··· Stored data
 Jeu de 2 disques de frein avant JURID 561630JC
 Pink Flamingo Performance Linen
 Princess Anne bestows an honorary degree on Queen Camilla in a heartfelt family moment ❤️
······
◆ **Exercise**
Give back the entire listing above, matching every line exactly.

◆ **Output for this task**
 Jeu de 2 disques de frein avant JURID 561630JC
 Pink Flamingo Performance Linen
 Princess Anne bestows an honorary degree on Queen Camilla in a heartfelt family moment ❤️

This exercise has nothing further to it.